This rockstar drinking a chocolate milkshake is my Grandma. And I love her so much.
She came to MO in a covered wagon from Kansas as a five year old.
She lived through the depression and wore a dress made from bright-yellow flour sack material. (Yes, they bought the flour for food and then used the soft material of the bag for clothes.)
She witnessed our nation unify and men young and old sign up for World War II to fight against Communism and injustice.
She lived in a Colorado logging camp that had formerly been a German POW camp.
She supported Billy Graham from beginning to end.
She watched Neil Armstrong and Buzz Aldrin walk on the moon.
She has three children, 6 grandchildren and lots of great grandchildren (Sorry family. I lost count of us all. But she hasn’t.).
Before this Christmas she looked pale and weak. So we took her to the doctor and found out she had only 40% of her blood due to an ulcer. Then they diagnosed a UTI. Then they diagnosed COVID.
Yes, COVID. I thought – we all thought – we will never see her again. Barred from the hospital, we prayed we would see grandma again. Hug her one last time. That somehow, this combination of living on 40% of blood, an infection plus the coronavirus would not take her.
My heart cried out, God! She has given too much, loved too many to die alone!
She will be 91 years old this spring and I am happy to say she is still kicking! Which is what I told her. To which she quipped right back, “Ha! Well, I’m not kicken’ very high!”
Marveling at God’s grace upon her, His answer to our prayers, I asked her, “How did you get through it all? It was just so much.”
She answered, “You just do what you gotta do until you get through it. Anytime you face something new you do not have any experience with it, so you just do it. Then, when you make it through, okay now you have some experience. But until then, you just face it and do it until it’s done and behind you.”
Grit. Thats how I sum it up. Her generation has grit.
I asked her what was the hardest part about the last several weeks. She said, “Being alone. It’s hard to be alone. But I see myself back in my apartment and seeing you all again and that’s what I am working toward.”
Hope. Plain and simple. Hope gives us the strength to do what we need to, to grab hold and push foward until we make it through. It is for hope we persevere.
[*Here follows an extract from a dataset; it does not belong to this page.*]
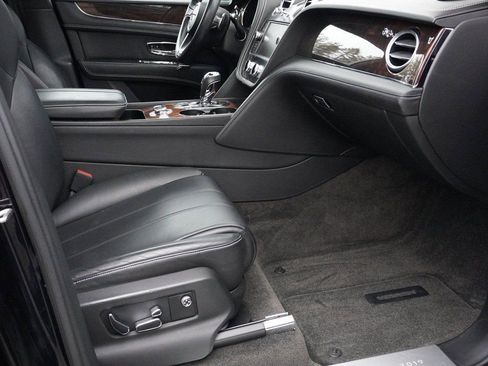 Used 2019 Bentley Bentayga AWD/4WD image 29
Hope doesn’t beg for relief or whine about discomfort. Hope doesn’t depend on ease. Hope is the joy set before us. An expectation that rallies the soul and urges us on.
What is the hope you are clinging to today? What propels you forward?
Jesus is the hope my Grandma clings to. He is the hope I cling to. Unmoveable. Unchangeable. Eternal. A rock in the storm. A beacon in the darkness.
Grandma, I am excited for more of your stories and to give you another hug soon. And yes, I’ll bring you another milkshake!